Removing the demand for trafficked persons
Looking beyond the sex industry
"Often the first thing that springs to mind when 'demand' is mentioned in relation to trafficking is the contentious debate about the rights and wrongs of prostitution," says Shivaun Scanlan, the Senior Adviser on Anti-Trafficking at the OSCE Office for Democratic Institutions and Human Rights (ODIHR). "But the sex industry is only one aspect of trafficking. Trafficked persons are exploited for many other purposes, such as domestic, agricultural or construction work."
One of the first questions that arise in this discussion is whether there is a demand specifically for trafficked persons' labour or services. Professor Julia O'Connell Davidson of Nottingham University and Dr Bridget Anderson of Oxford University are co-authors of the research paper "Trafficking - a demand led problem?" and were speakers at a special session on demand in trafficking at the ODIHR's annual human rights conference in Warsaw this October. They explain that the migration and work experiences of many people range along a continuum in terms of the types and degree of force and deceit involved. This makes it difficult to determine which persons are trafficked.
What is clear is that there is demand for exploitable workers in many countries, which is sometimes satisfied through trafficking. Such workers are often undocumented migrants whom employers are more able to control, whether trafficked or not, because they have fewer options. Employers also find it easier to justify exploiting undocumented migrants, seeing their actions as "giving opportunities" rather than abusing rights.
Who, then, is generating this demand for exploitable workers? It can be people from many different social spheres, who do not necessarily fit the stereotype of the mafia member or gang master. It can be families who want a live-in child carer, or farmers looking for short-term labourers for harvesting. Indeed, the range of people involved in the chain of trafficking, either directly or indirectly, is one of the main challenges in tackling trafficking from the demand side.
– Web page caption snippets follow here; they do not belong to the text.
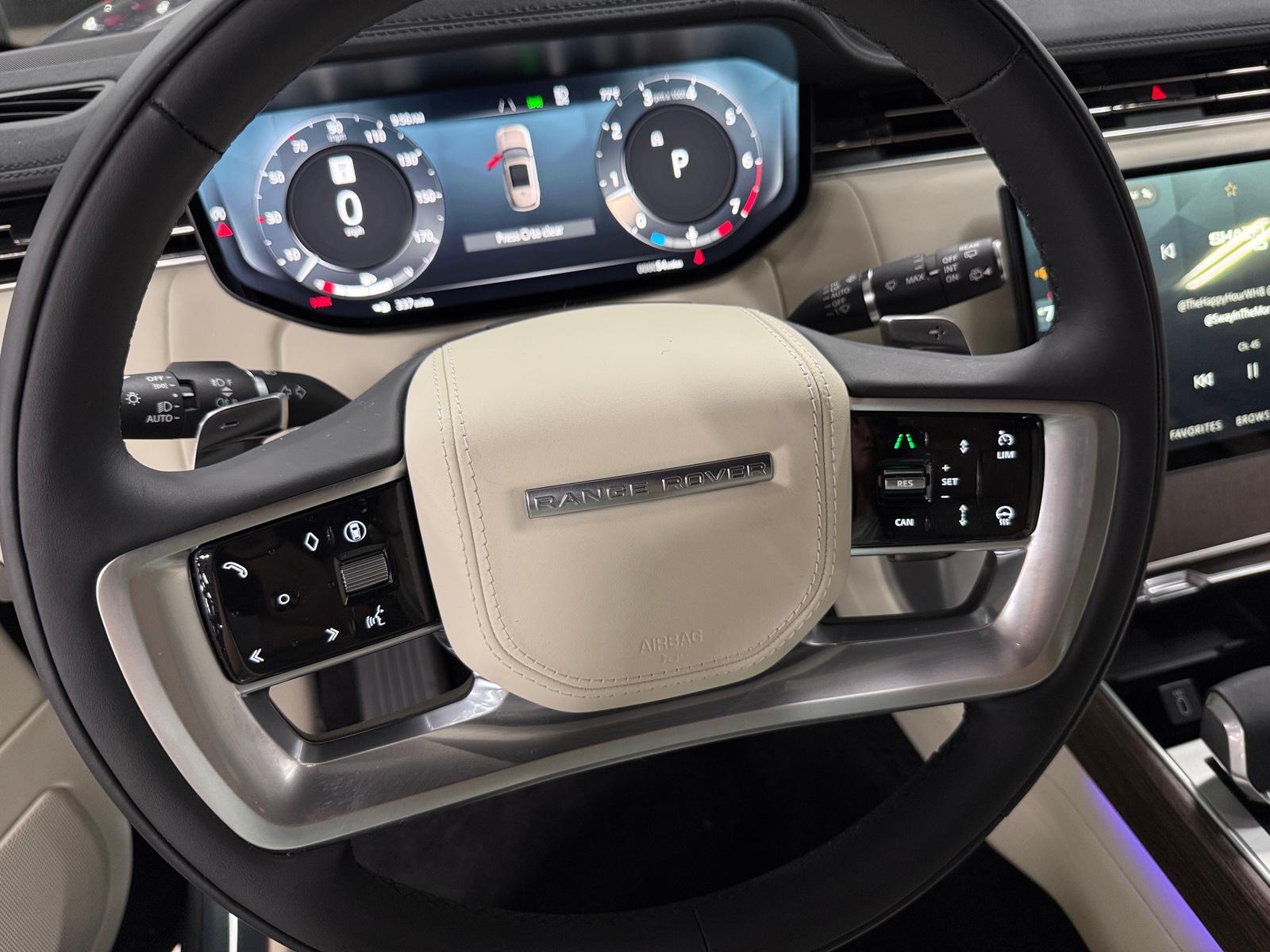 Thumbnail: 2026 Land Rover Range Rover - 4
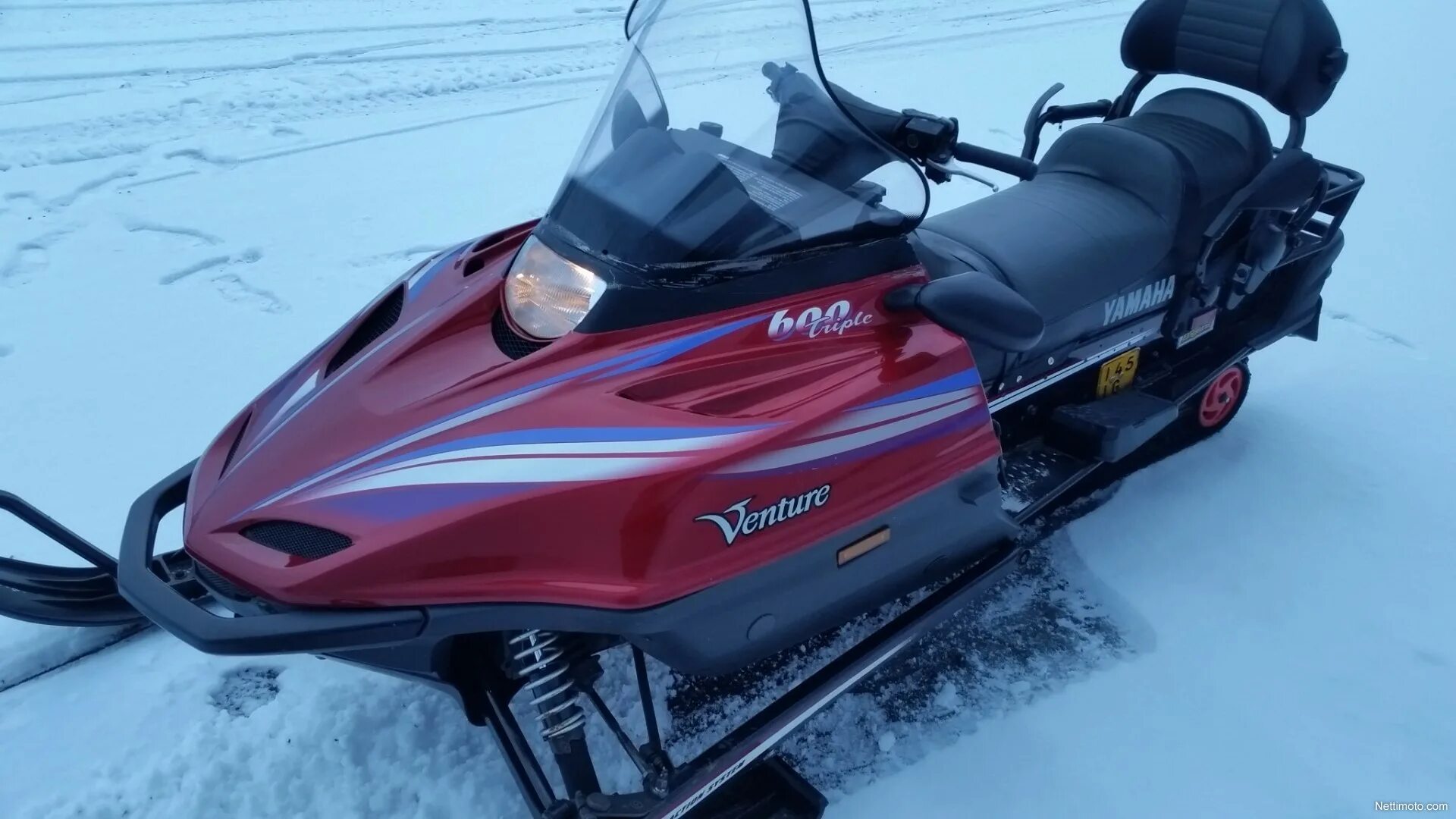 Купить снегоход в спб бу. Yamaha Venture 600. Ямаха Вентура 500. Снегоход Yamaha Venture 600. Ямаха Вентура 700 2000.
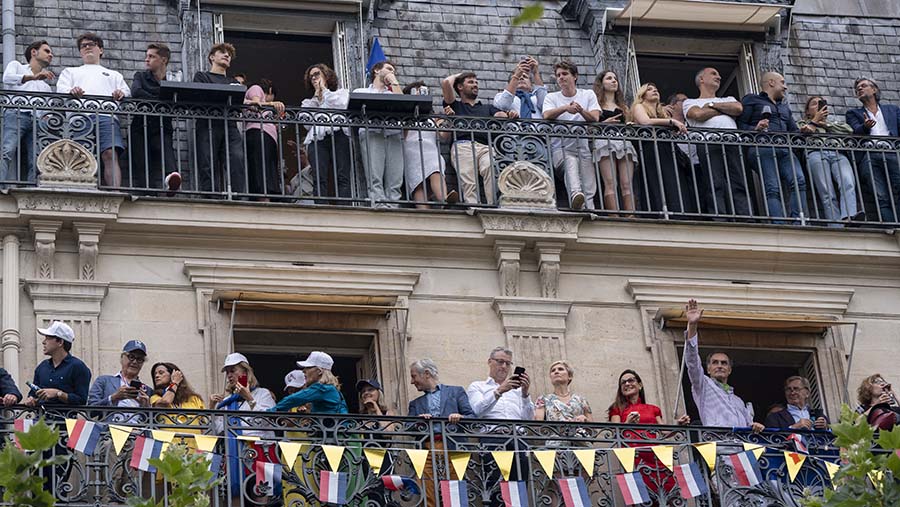 Sekitar 300.000 orang dari tribun, sedangkan 200.000 orang lainnya menyaksikan dari balkon apartemen. (Nathan Laine/Bloomberg)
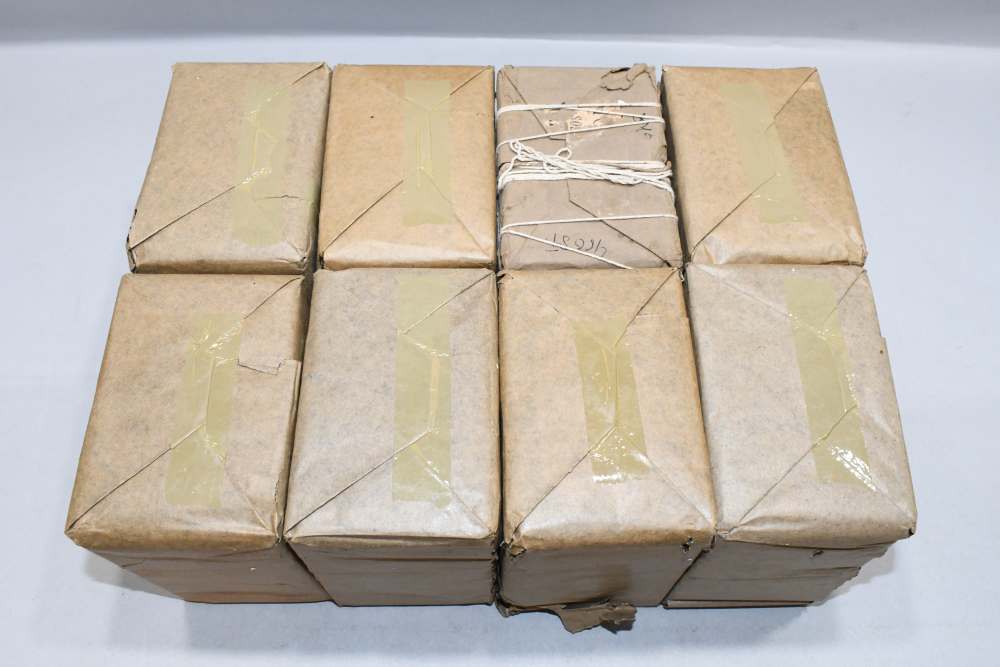900 +/- PCS 450 Black Powder Express 3 1/4" BPE Mostly Primed Brass Eley-img-5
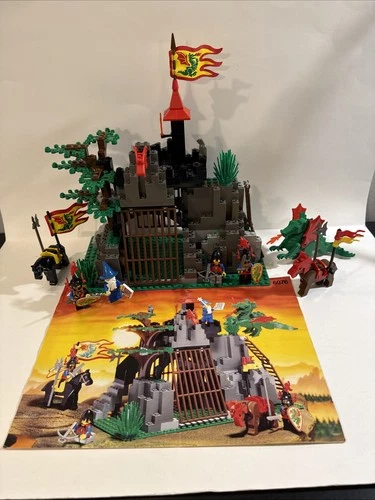 LEGO Castle: Dark Dragon's Den (6076) 100% Complete with Instructions Vintage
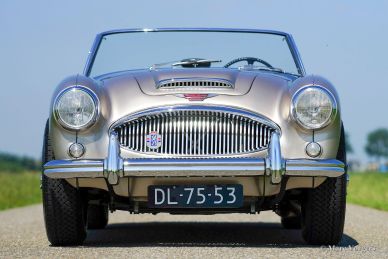 THE BIG HEALEYS BY JOHN NIKAS & MARC VORGERS BOOK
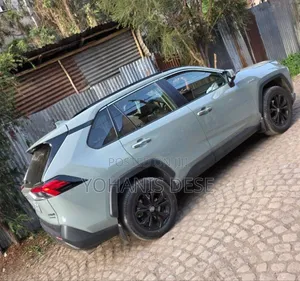 Toyota RAV4 2024 Blue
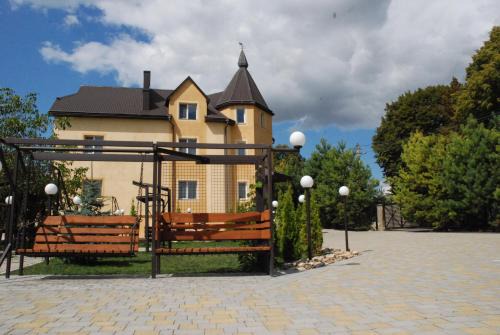 Tovstolug House | Sadyba DarKa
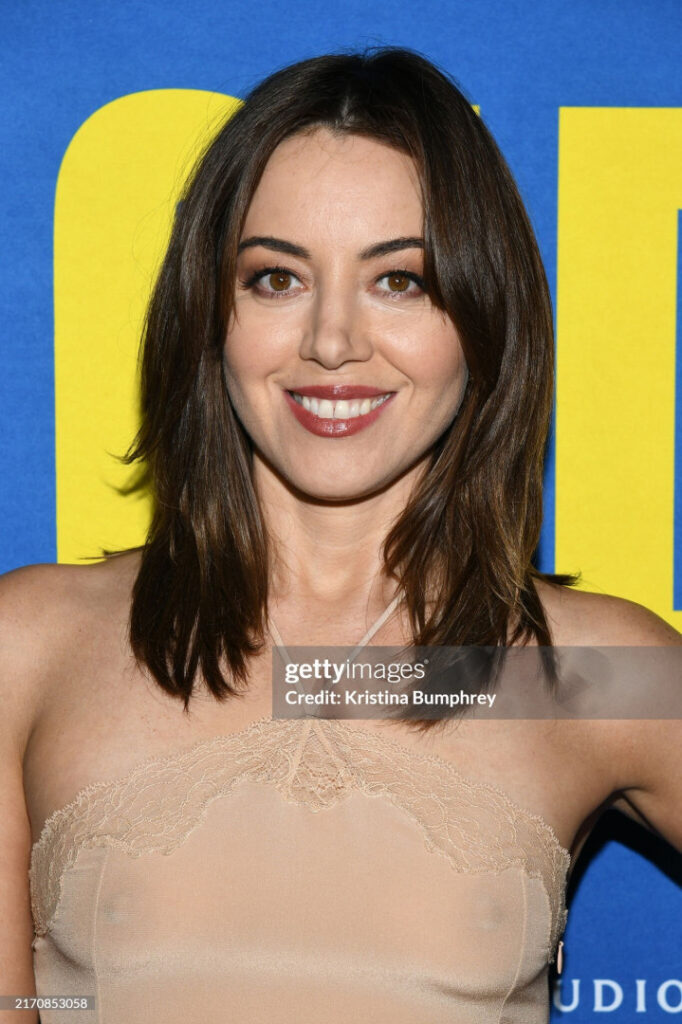 Celeb – Aubrey Plaza – Nude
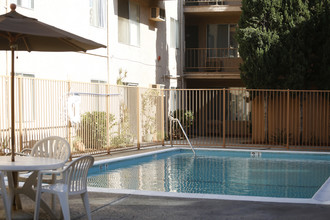 Balboa Pointe Apartments in Van Nuys, CA - Building Photo - Building Photo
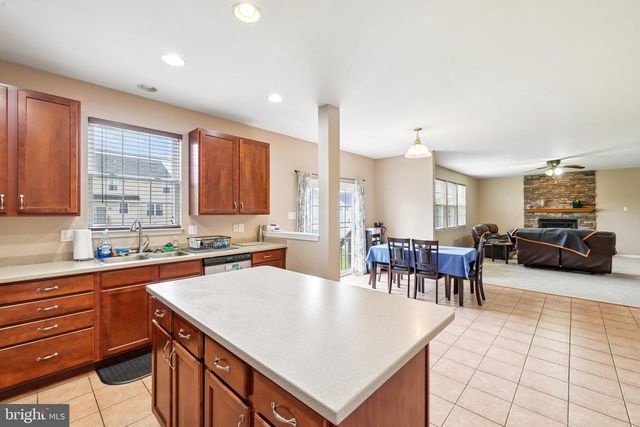 551 HIDDEN STREAM CT, Westminster, MD 21158
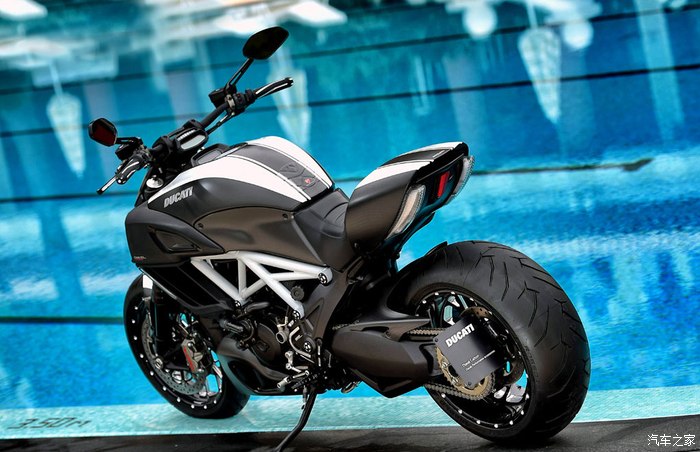 【图】2015 ducati diavel(魔鬼) 高清图片赏析_摩托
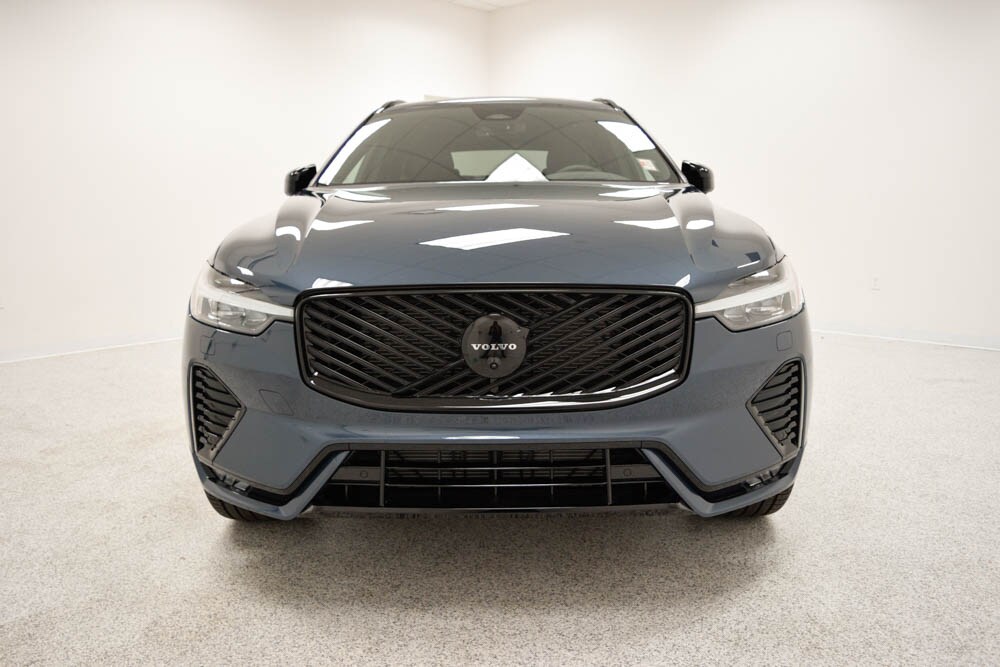 2026 Volvo XC60 B5 Black Edition photo 2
"There is very little relationship between the different forms of demand - for agricultural and construction labour, household labour, cheap goods, human organs - which makes this a policy-maker's nightmare," says Davidson.
Creating informal markets
Government policies can contribute to the development of exploitative practices in unexpected ways. For example, in some European countries social services have introduced "cash-for-care" schemes for the elderly and disabled. Such schemes remove the responsibility from local or national authorities to provide care services, instead giving people allowances so that they can make their own arrangements.
"On the one hand, such systems can give people more choice in deciding on their own care provision. On the other, they encourage the development of an informal market, where private arrangements are common," explains Anderson. "Migrant workers, especially undocumented workers, soak up the bottom end of this market, and are the ones who are particularly vulnerable to exploitative practices."
How to reduce demand
If the demand for services can be adequately filled in legal ways, the market within which traffickers operate will be less attractive. However, while providing legal opportunities for migrant workers can go some way to reducing the demand for trafficked workers, this is not enough to protect vulnerable workers, as recent cases of the exploitation of EU nationals has shown.
It is therefore important that governments recognize where demand lies, and consider altering both the labour and migration policies that create 'bottlenecks' in the market and leave people vulnerable to exploitation. At the same time, they need to ensure better regulation and enforcement of minimum labour standards in sectors prone to exploitation as part of their preventive work.
"We need a range of action, from informing vulnerable workers of their rights - and even undocumented workers have rights - to working with employers to prevent exploitation and holding them up to fair labour standards," explains Scanlan. "We also need to challenge exploitation and abuse through judicial processes alongside mediation, collective action and unionization."
Focusing on demand highlights the cross-over between anti-trafficking and migrants' rights issues, and the need to have a broader approach to anti-trafficking. In 2007, the ODIHR will be meeting with organizations focusing on migrants' rights protection as a first step towards integrating good practices in protecting migrants' rights into the ODIHR's anti-trafficking activities.